Given widespread mistrust of police in some areas, “we really need to put it out there and help educate our communities as to the value of this stuff and how we’re using it,” Quinn says. Referring to bans on facial recognition use in some cities, he says it otherwise “becomes very easy to discuss these technologies in terms of all or nothing.”
As more states and cities consider restricting the technology, a September report by the Center for Strategic and International Studies, a think tank, suggests that Congress create national standards to prevent a patchwork of regulation. Lead author James Lewis says he supports facial recognition and thinks its spread is inevitable but that there should be transparency around how the technology is used in criminal investigations. Seven US states and cities, including Boston and San Francisco, have adopted full or partial bans of facial recognition by government agencies. Lewis doesn’t think Congress will follow suit, in part because of the January 6 attack on the US Capitol and ensuing investigation, saying, “I think that’s influential, when you have to hide in a closet.”
An analysis by the Human Rights Law Review at Columbia University concluded that “defendants face meaningful barriers to challenging” the technology and called on Congress to pass a law requiring disclosure. The report also called for procedural safeguards, such as regular testing and a minimum threshold for the accuracy of facial recognition systems.

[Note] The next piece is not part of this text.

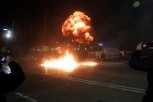 "EDI RAMI DANI ODBROJANI"! Tirana u plamenu - DEMONSTRANTI NAPADAJU MOLOTOVLJEVIM KOKTELIMA, POLICIJA ODGOVORILA SUZAVCEM I VODENIM TOPOVIMA! (FOTO)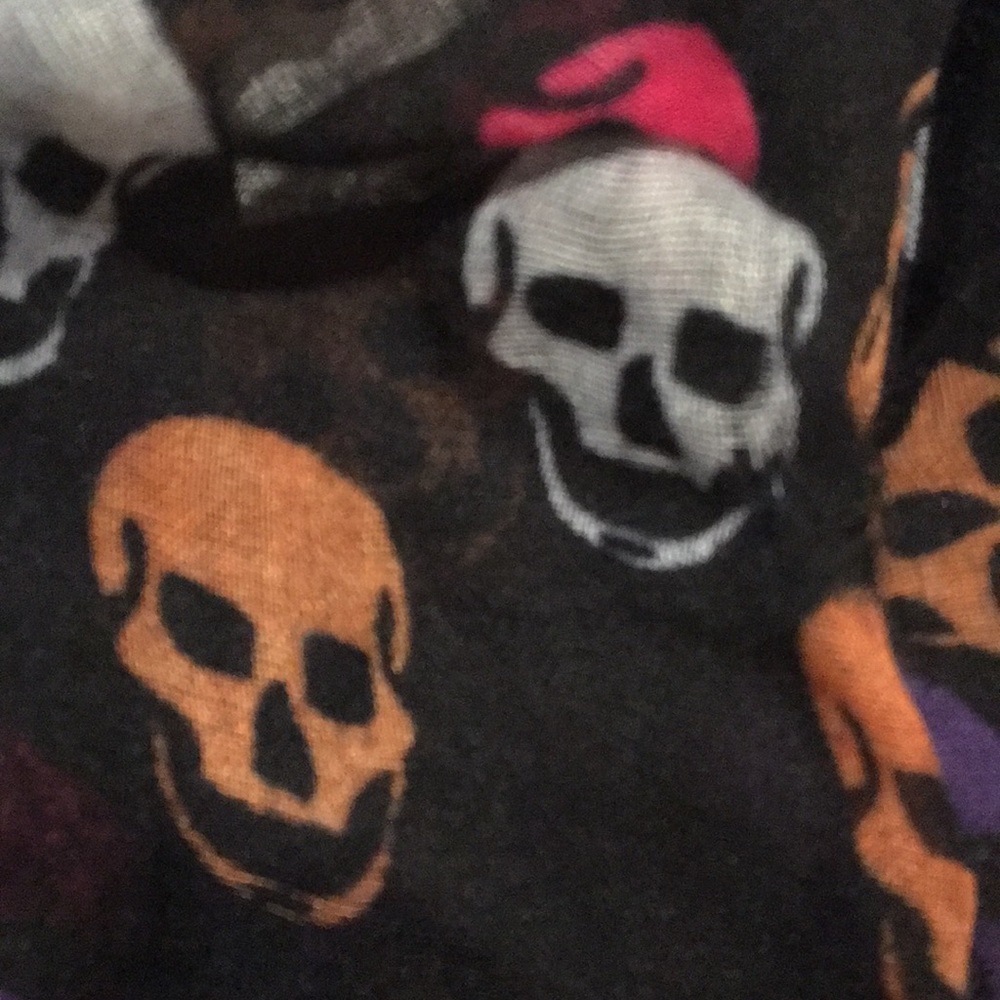 Multi-Color skeleton scarf - Picture 2 of 2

White House science and tech policy leaders endorsed more disclosure around the use of artificial intelligence as part of an AI Bill of Rights last fall. Regulation of facial recognition technology has drawn bipartisan support in Congress, but there are no federal restrictions on use of the tech by law enforcement, despite a documented lack of guardrails for federal agencies using the tech.
The National District Attorneys Association (NDAA) says it instructs its more than 5,000 members to use “professional judgment and discretion” when it comes to divulging the use of facial recognition and to consider issues like public safety, privacy, and relevance when making these decisions. NDAA officials did not respond to requests for examples of how disclosing facial recognition use in a criminal investigation could threaten public safety.
“The longer things remain secret, the harder it is to challenge them, and the harder it is to challenge them, the longer police go without courts putting limits on what they can do,” says Nathan Wessler, who leads the Speech, Privacy, and Technology Project at the ACLU.
An Attempt to Learn More
Defense attorneys say their best hope of getting police and prosecutors to reveal that facial recognition helped identify a suspect rests on a 1963 Supreme Court decision. In Brady v Maryland, the court ruled that police must turn over to a defendant any evidence they collected that would exonerate that defendant.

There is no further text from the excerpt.